Experience Type vs. Experiences

Understanding Experience Types and Experiences

When creating and managing student engagement opportunities in Involve, it’s important to understand the difference between experience types and experiences. They complement each other to create meaningful involvement pathways for your students.

 

Experience Type

Experiences

What Are Experience Types?

Experience types are the categories or frameworks you create to define how students can engage with your institution. Think of them as templates or containers that outline the purpose of the experience.

  • Leadership, Service, Internships, Research, Orientation, First Year Bucket List

Experience types are the blueprints that set the structure and expectations for a particular kind of involvement opportunity.

 

What Are Experiences?

An experience is an individual instance of an experience type—something that a student actually participates in or submits for approval.
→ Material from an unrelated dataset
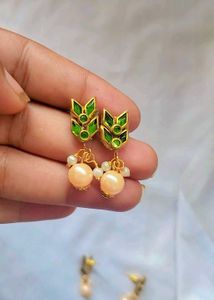 Beautiful Pearl Drop Earrings(1 Pairs)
For example:

  • The experience type might be “Community Service.”

  • The experience would be “Volunteering at the local food bank for 20 hours.”
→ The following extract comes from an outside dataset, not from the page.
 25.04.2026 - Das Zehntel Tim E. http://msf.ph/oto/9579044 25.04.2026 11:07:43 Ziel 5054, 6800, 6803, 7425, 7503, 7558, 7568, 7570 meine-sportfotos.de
Each experience connects back to a type, allowing institutions to gather consistent data while students personalize their involvement journey.

 

Example in Action

Let’s say your institution wants to track leadership development:

  • Experience Type: Leadership Development

    • Learning outcomes: Communication, teamwork, decision-making

  • Experiences:

    • “Resident Assistant Role”

    • “Student Government Participation”

    • “Peer Mentor Program”

Each of these experiences contributes to the overall leadership development data, tied back to the single “Leadership Development” experience type.